Yesterday was Ian’s 26th birthday.
I don’t know when he grew up. He just did.
And didn’t, of course. The young man who is also a child, forever straddling the fence of childhood and adulthood, with a foot in each but never truly one thing or the other…
If I think about it too hard, I feel tired, and occasionally a little overwhelmed.
Ian was only ever a blessing to us. Even when it got difficult. Within the sphere of our little family, everything has always run smoothly and easily. Effortlessly, almost. We know how to keep Ian happy, and he knows what is required of him on a day-to-day basis. There is a pattern to the day, and it varies very little from week to week, month to month.
I am older now, just as Ian is. And today I find my head crowded with worries about Ian’s future.
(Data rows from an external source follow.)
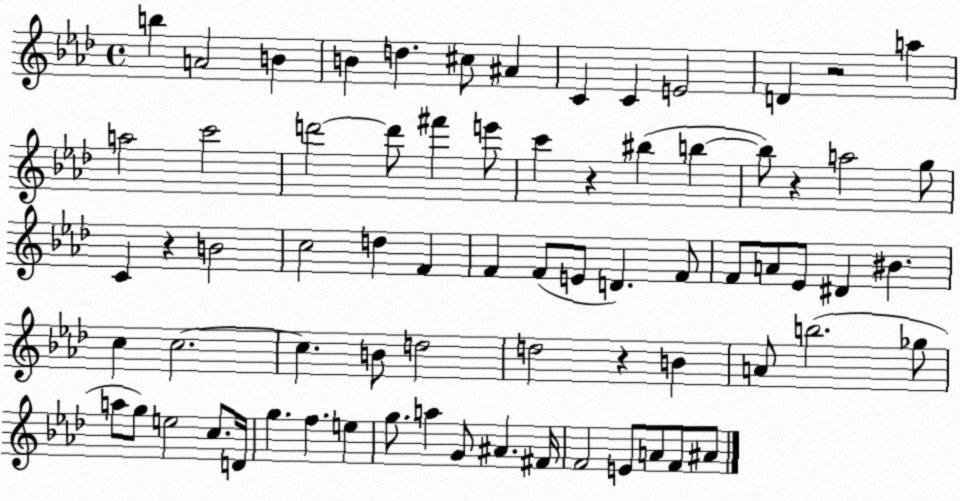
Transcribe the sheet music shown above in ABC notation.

X:1
T:Untitled
M:4/4
L:1/4
K:Ab
b A2 B B d ^c/2 ^A C C E2 D z2 a a2 c'2 d'2 d'/2 ^f' e'/2 c' z ^b b b/2 z a2 g/2 C z B2 c2 d F F F/2 E/2 D F/2 F/2 A/2 _E/2 ^D ^B c c2 c B/2 d2 d2 z B A/2 b2 _g/2 a/2 g/2 e2 c/2 D/4 g f e g/2 a G/2 ^A ^F/4 F2 E/2 A/2 F/2 ^A/2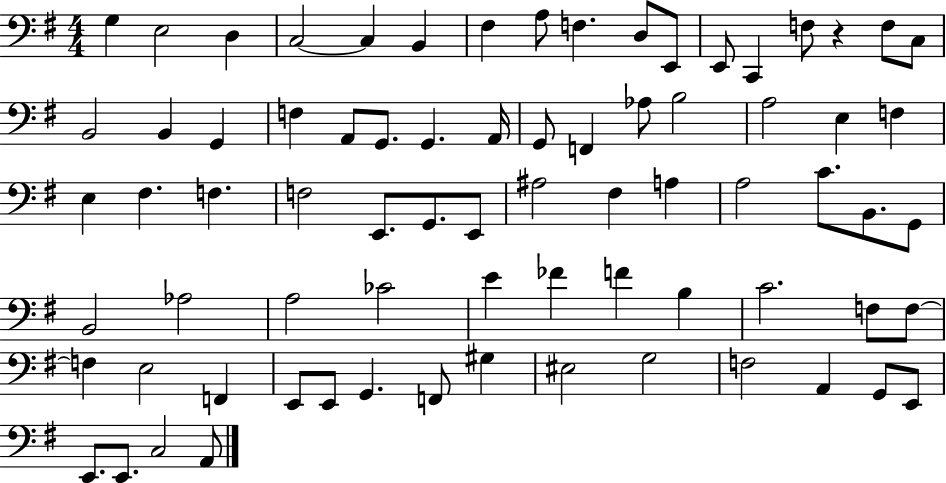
X:1
T:Untitled
M:4/4
L:1/4
K:G
G, E,2 D, C,2 C, B,, ^F, A,/2 F, D,/2 E,,/2 E,,/2 C,, F,/2 z F,/2 C,/2 B,,2 B,, G,, F, A,,/2 G,,/2 G,, A,,/4 G,,/2 F,, _A,/2 B,2 A,2 E, F, E, ^F, F, F,2 E,,/2 G,,/2 E,,/2 ^A,2 ^F, A, A,2 C/2 B,,/2 G,,/2 B,,2 _A,2 A,2 _C2 E _F F B, C2 F,/2 F,/2 F, E,2 F,, E,,/2 E,,/2 G,, F,,/2 ^G, ^E,2 G,2 F,2 A,, G,,/2 E,,/2 E,,/2 E,,/2 C,2 A,,/2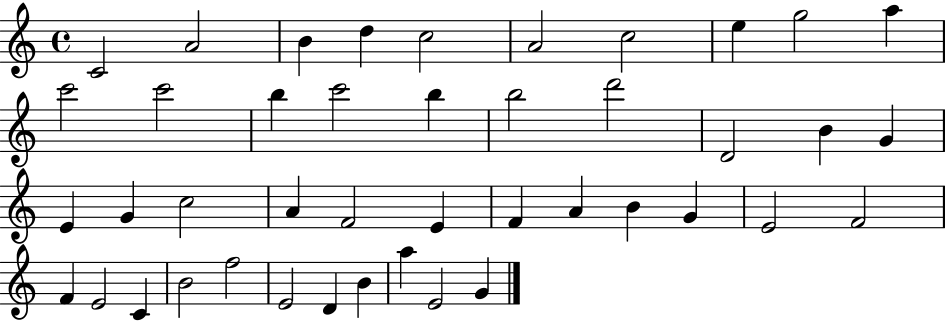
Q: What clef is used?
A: treble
Not whether or not he will be cared for and looked after; that is already sorted. More along the lines of who will sing to him when he suggests it? Who will stroke his forehead when he’s tired? Who will hold him when he’s in pain? Who will push him that little bit when he needs reminding to get dressed, or move his chair in at the dinner table, or answer a question properly?
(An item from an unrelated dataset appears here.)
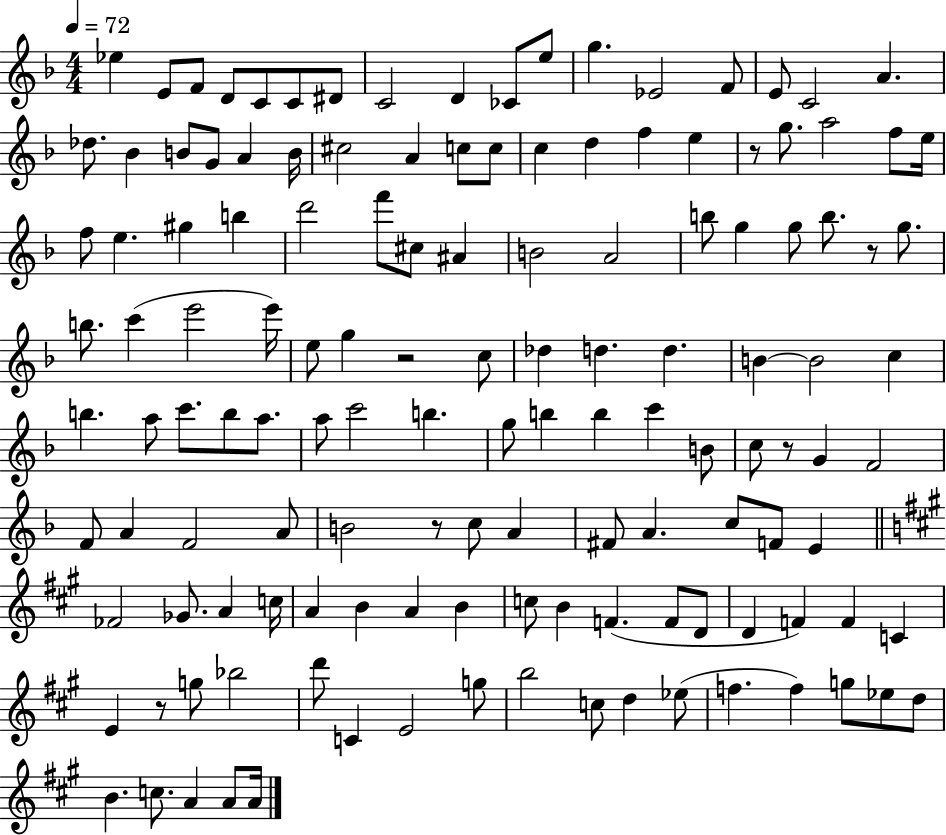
Eb5/q E4/e F4/e D4/e C4/e C4/e D#4/e C4/h D4/q CES4/e E5/e G5/q. Eb4/h F4/e E4/e C4/h A4/q. Db5/e. Bb4/q B4/e G4/e A4/q B4/s C#5/h A4/q C5/e C5/e C5/q D5/q F5/q E5/q R/e G5/e. A5/h F5/e E5/s F5/e E5/q. G#5/q B5/q D6/h F6/e C#5/e A#4/q B4/h A4/h B5/e G5/q G5/e B5/e. R/e G5/e. B5/e. C6/q E6/h E6/s E5/e G5/q R/h C5/e Db5/q D5/q. D5/q. B4/q B4/h C5/q B5/q. A5/e C6/e. B5/e A5/e. A5/e C6/h B5/q. G5/e B5/q B5/q C6/q B4/e C5/e R/e G4/q F4/h F4/e A4/q F4/h A4/e B4/h R/e C5/e A4/q F#4/e A4/q. C5/e F4/e E4/q FES4/h Gb4/e. A4/q C5/s A4/q B4/q A4/q B4/q C5/e B4/q F4/q. F4/e D4/e D4/q F4/q F4/q C4/q E4/q R/e G5/e Bb5/h D6/e C4/q E4/h G5/e B5/h C5/e D5/q Eb5/e F5/q. F5/q G5/e Eb5/e D5/e B4/q. C5/e. A4/q A4/e A4/s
Who will mother the forever child, when his own mother is no longer there?
For this is the crux of our biggest worry : That people with autism have a normal life expectancy. My child could outlive me by decades.
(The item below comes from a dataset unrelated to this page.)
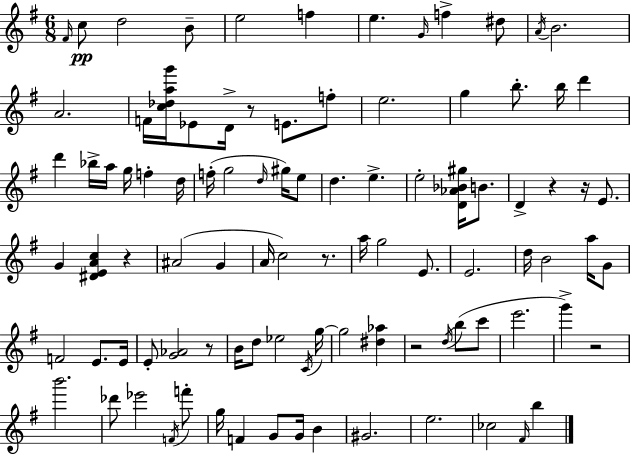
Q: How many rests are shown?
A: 8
I didn’t mean to get all serious – perhaps even a bit maudlin – when I started this latest blog. These are just the thoughts crowding my head this season of birthdays, both Ian’s and mine. But perhaps they are thoughts worth sharing, as the year winds down and winter (in the northern hemisphere) makes us all more introspective.
Ian had a good birthday, with presents (books, of course) that he was happy to receive, and homemade chocolate cake, and candles to blow out, and singing – which Ian led.
And now my “little angel sent from heaven” is a strapping 26-year-old.
Do you know what makes me happiest when I look at recent photographs of Ian? The laugh lines at the corners of his eyes! There, I can see the joy he takes in life. Evidence of all those times he was happy, and laughing. That’s all we want for our children, isn’t it? To see them happy.
If I have achieved nothing else, I have achieved that.